──────── PROVIDED INFORMATION ────────
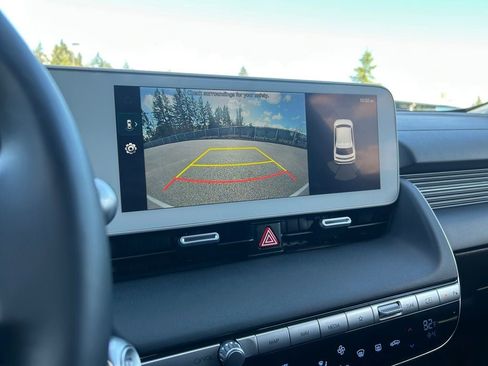 Used 2024 Hyundai Ioniq 5 SEL image 19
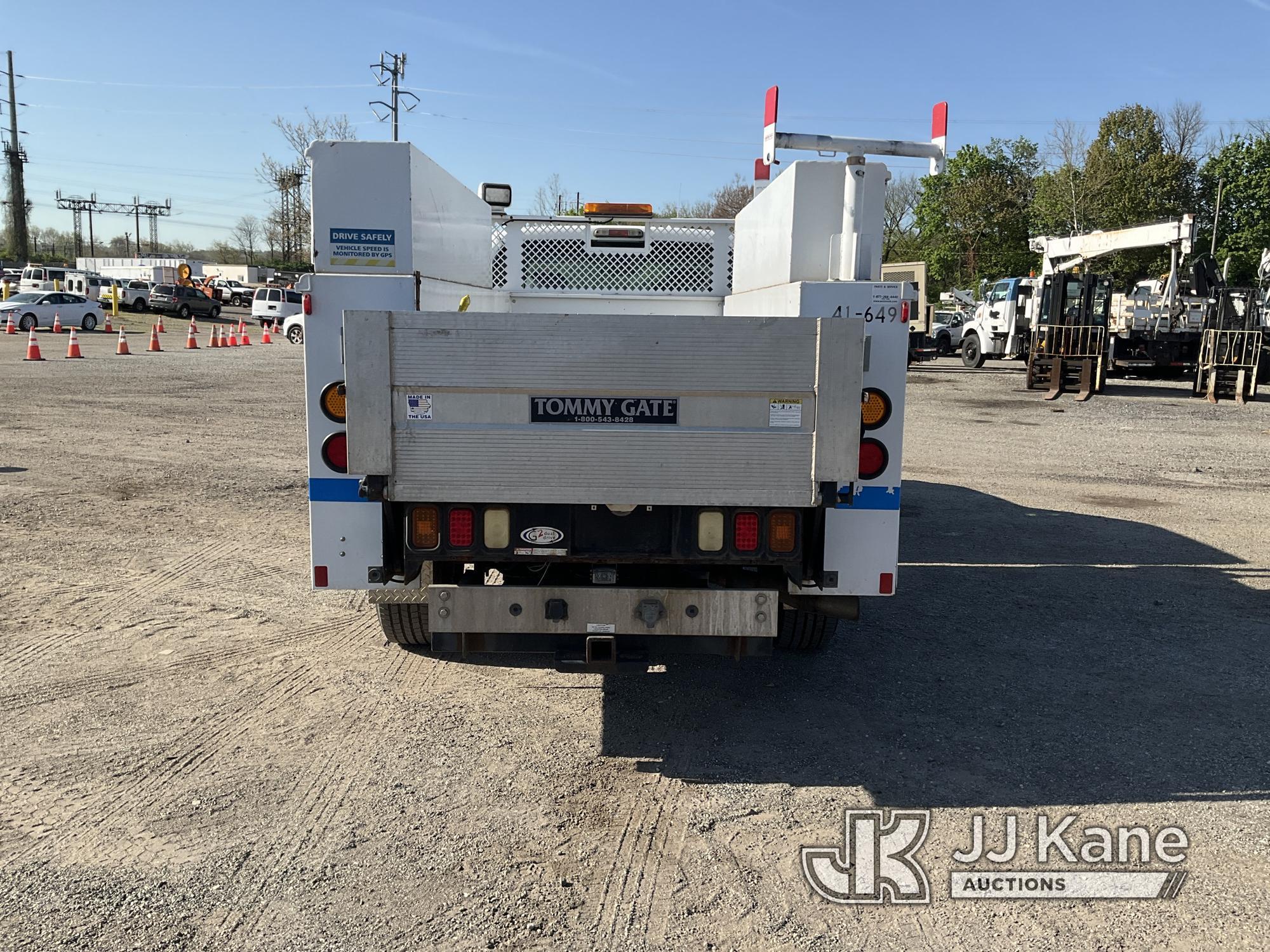 (Plymouth Meeting, PA) 2013 Ford F350 4x4 Extended-Cab Service Truck Runs & Moves, Missing Rear Seat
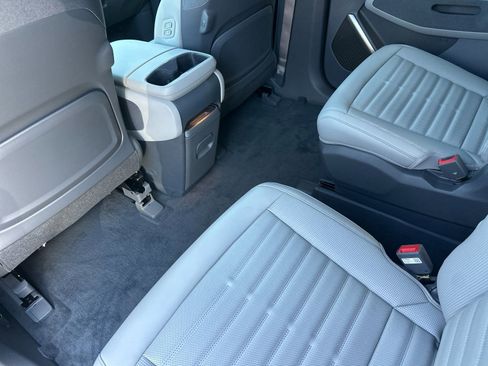 New 2026 Kia EV9 Land AWD/4WD image 12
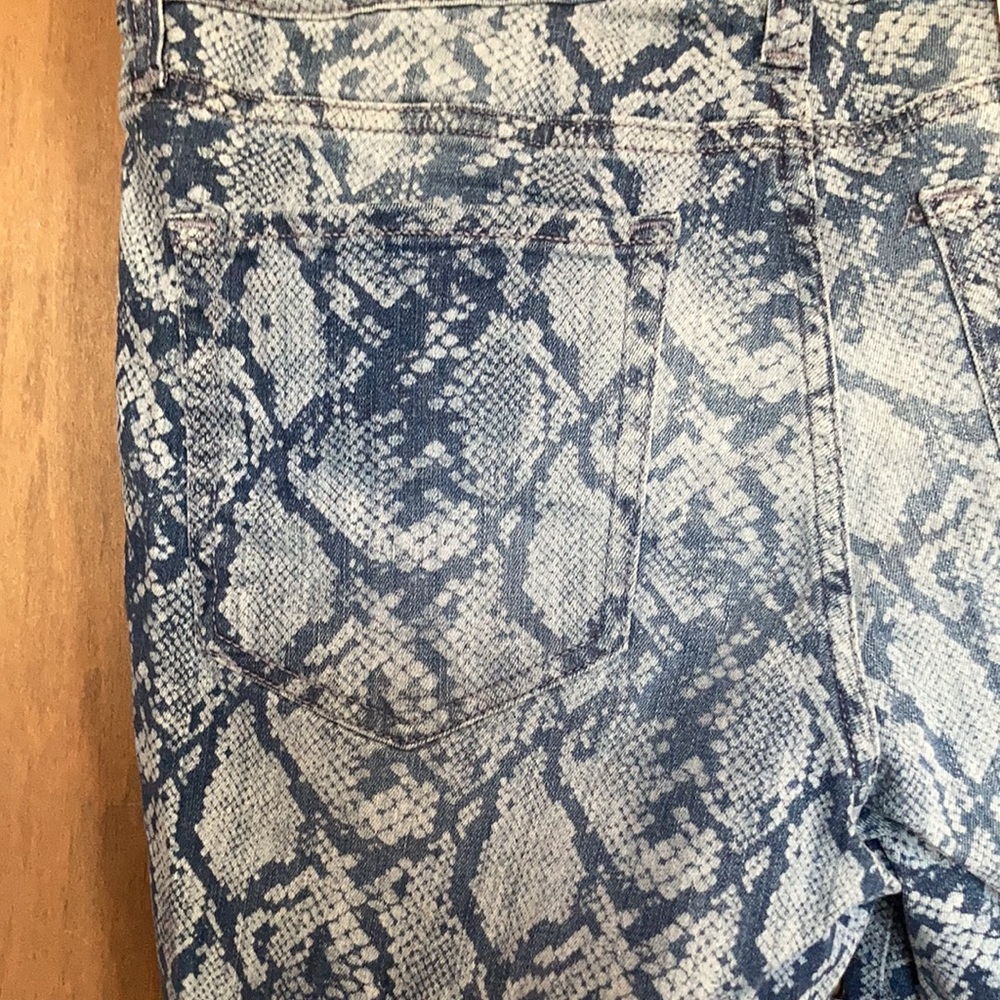 💜$15ifbundle3 Seven7 python print fray hem denim weekend short size 12 - Picture 15 of 17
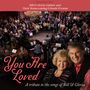 "Bill & Gloria Gaither and Their Homecoming Friends Present: You Are Loved. A tribute to the songs of Bill & Gloria." Eine Menschenmenge in einem Raum.
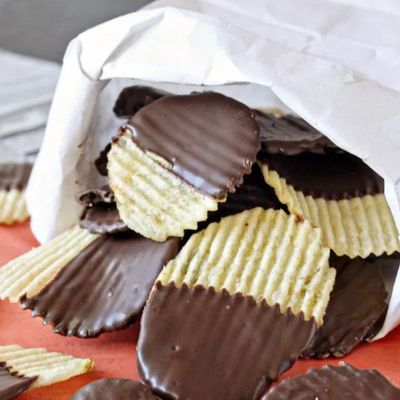 Картофельные чипсы в шоколаде - необычная закуска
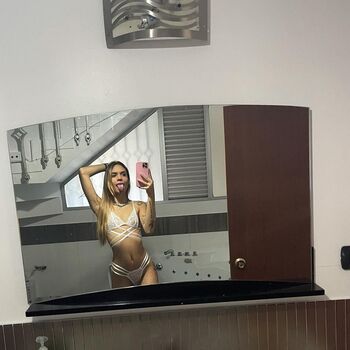 gaby_ferrer | gaby__ferrer_ | camgirl_gabyy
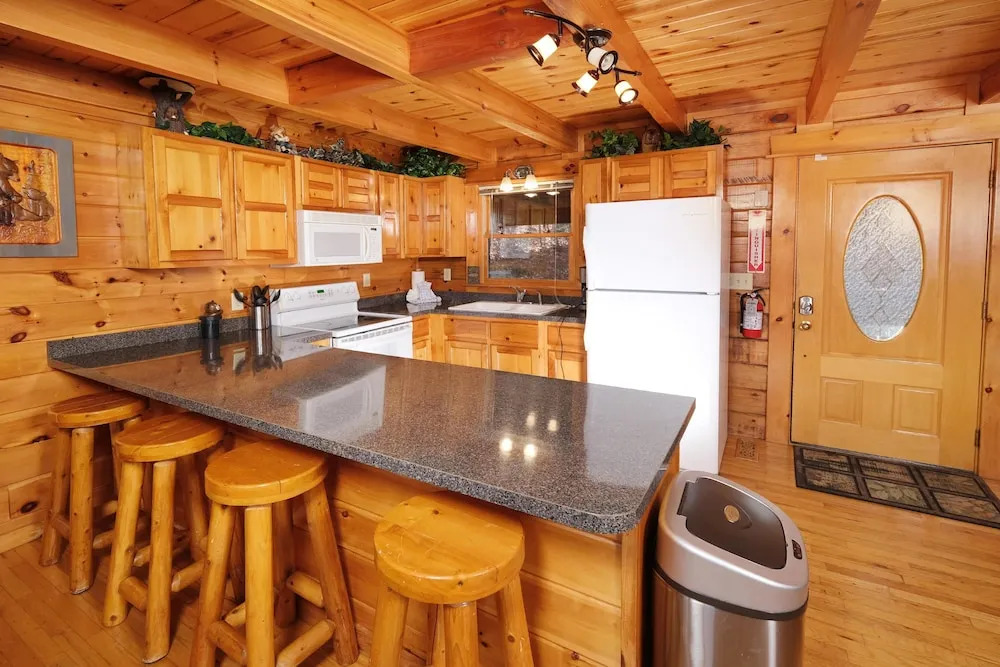 Smoky Treehouse Lodge #614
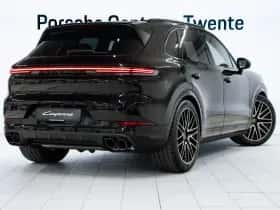 Porsche Cayenne (0) thumbnail 3
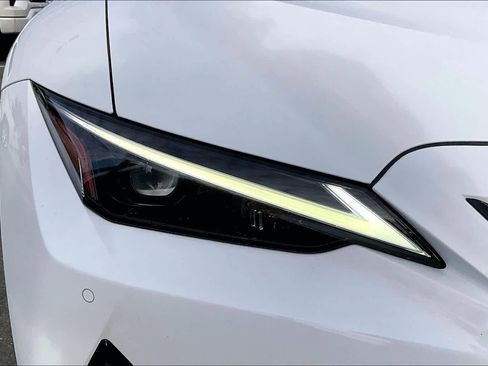 Used 2023 Lexus IS 350 F Sport image 29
────────
__AIM OF THE EXERCISE__
Please transcribe, word for word, every line from the first line of the records above through the line containing "Picture 15 of 17", and leave out any pictures.

__SOLUTION FOR THIS EXERCISE__
 Used 2024 Hyundai Ioniq 5 SEL image 19
 (Plymouth Meeting, PA) 2013 Ford F350 4x4 Extended-Cab Service Truck Runs & Moves, Missing Rear Seat
 New 2026 Kia EV9 Land AWD/4WD image 12
 💜$15ifbundle3 Seven7 python print fray hem denim weekend short size 12 - Picture 15 of 17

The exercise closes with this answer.